In other words, Apple has created a “walled garden” in which all of its products sync together through numerous software services, such as:

  • iCloud – store photos, videos, documents, apps, and more across devices
  • Apple TV – device hooks up to your TV to stream internet content from 60+ video services
  • iTunes – download music, movies, and TV shows
  • FaceTime – make video and audio calls from your devices
  • Apple Pay – mobile payment and digital wallet service
  • Apple CarPlay – controls iPhone through car’s built-in display
  • Apple Music – music streaming service
  • Consumers who purchase Apple hardware are thus less likely to switch to rival devices that run on other operating systems, such as Android.
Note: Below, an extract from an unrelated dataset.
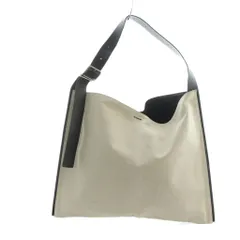 ジルサンダー JIL SANDER BELT HOBO NATURAL ビッグショルダーバッグ キャンバス レザー ポーチ付 ナチュラル ブラック /MQ ☆AA★のサムネイル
If they switched, they would lose almost all of their content that can only be accessed using devices that run on Apple’s iOS operating system.
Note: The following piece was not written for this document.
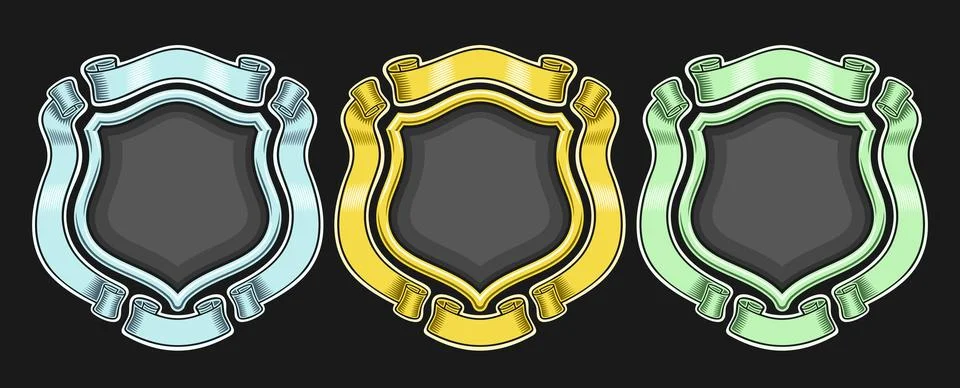 Vector Heraldic Emblems Set 스톡 일러스트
    With over half a billion users on Apple’s iOS platform, third-party developers also have greater incentives to create apps designed for Apple’s devices rather than smaller alternatives with less monetization potential. This creates a virtuous cycle where Apple customers enjoy a greater selection of apps that makes their mobile devices more useful, bringing even more users onto the platform and thus making it all the more attractive for third-party developers.

    The end result is a stickier ecosystem that allows Apple to command higher prices for its hardware products, even if the actual physical capabilities of its devices are largely the same as rival offerings today.